**Problem requirements**
In the reply, give back exactly the lines from the one with "Imagem Imóvel com" through the last line of the records, without pictures.

----- Material for this exercise -----

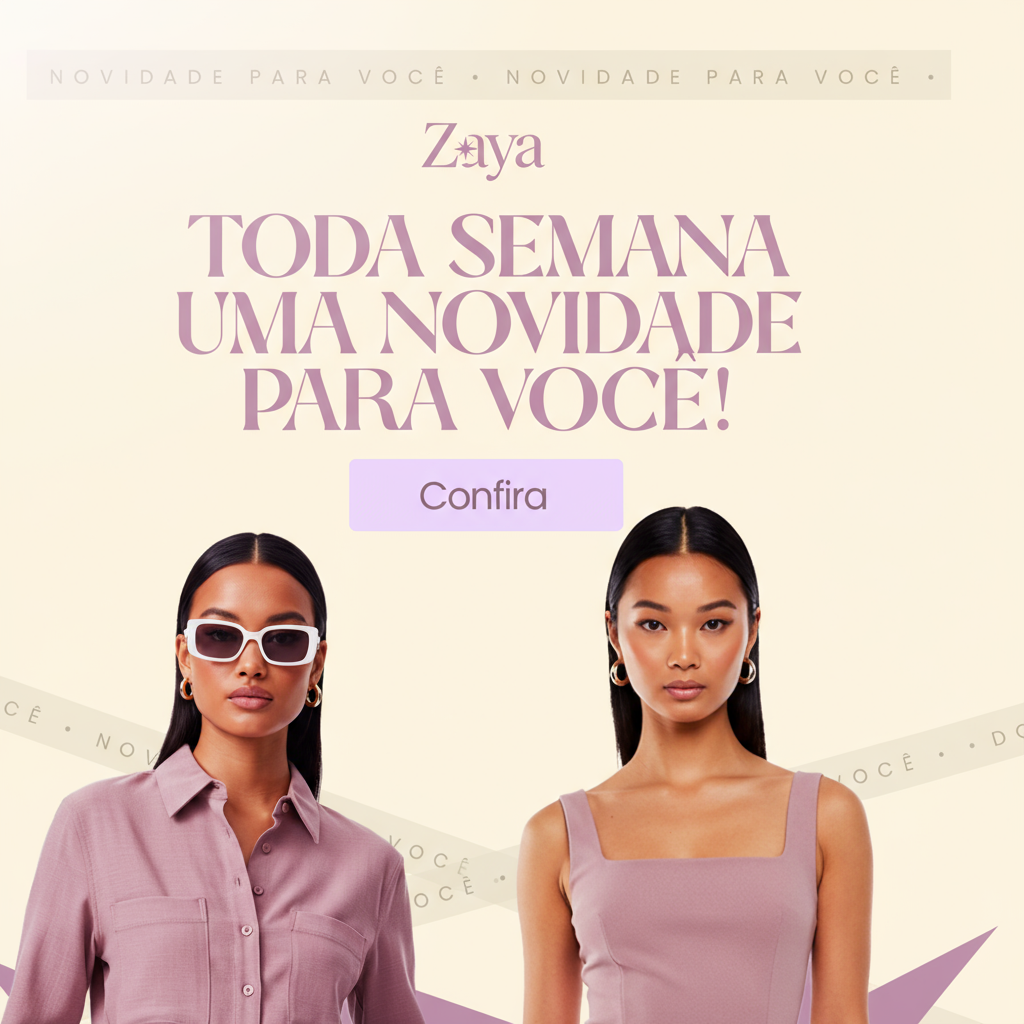 Lojas Zaya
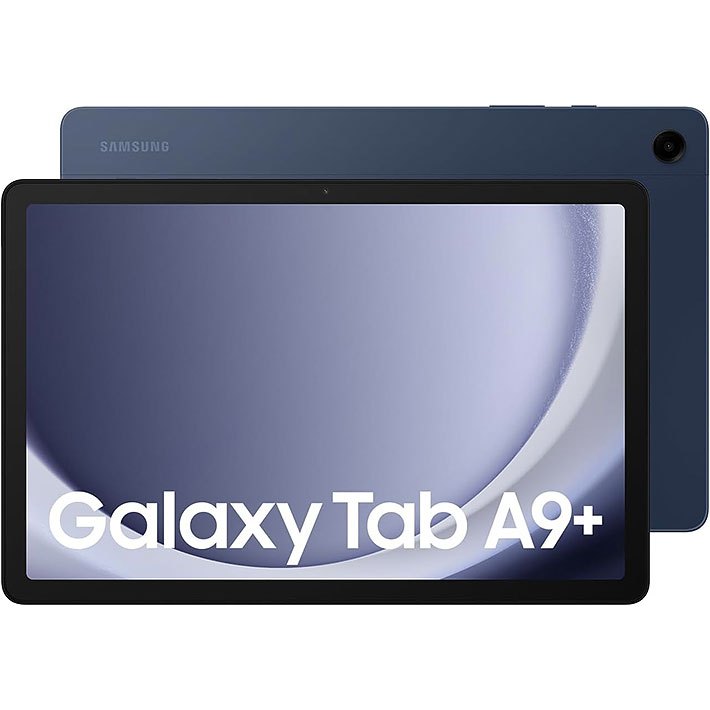 Samsung Galaxy Tab A9+ 8/128 GB เครื่องใหม่ ของแท้ ประกันศูนย์ไทย 100% ไม่แกะซีลกล่องข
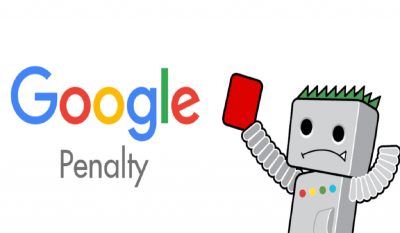 4 تا از مهمترین دلایل جریمه شدن توسط گوگل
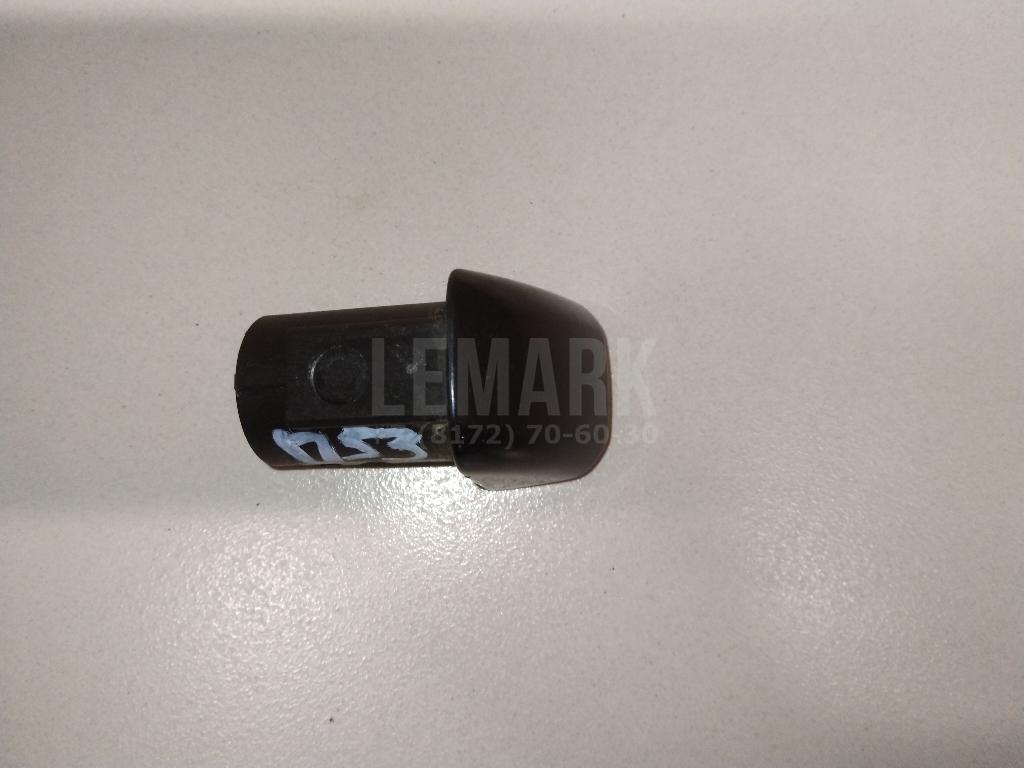 Накладка вставки замка двери для  BMW X3 E83 2004-2010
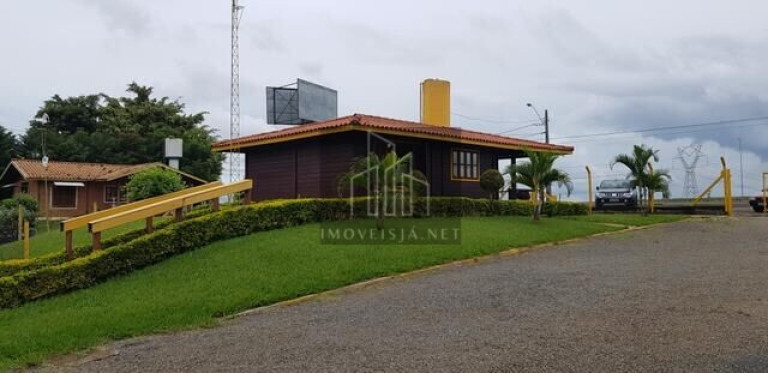 Imagem Imóvel com 2 Quartos à Venda, 220 m² em Sítio Novo - Artur Nogueira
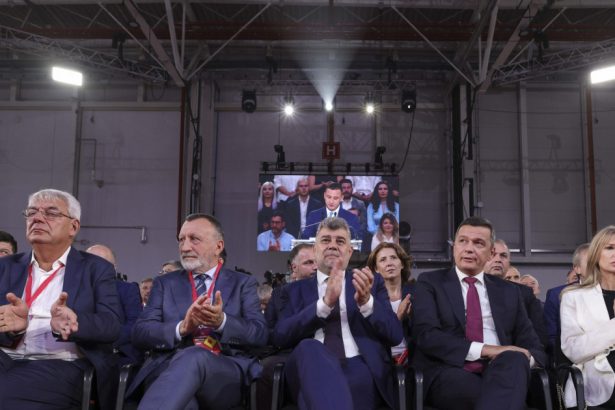 analiza psd divizat de suveranism si scandaluri interne doar scaunul de premier il mai tine pe ciolacu in fruntea partidului 678788cabbff9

-----

**Exercise response**
 Imagem Imóvel com 2 Quartos à Venda, 220 m² em Sítio Novo - Artur Nogueira
 analiza psd divizat de suveranism si scandaluri interne doar scaunul de premier il mai tine pe ciolacu in fruntea partidului 678788cabbff9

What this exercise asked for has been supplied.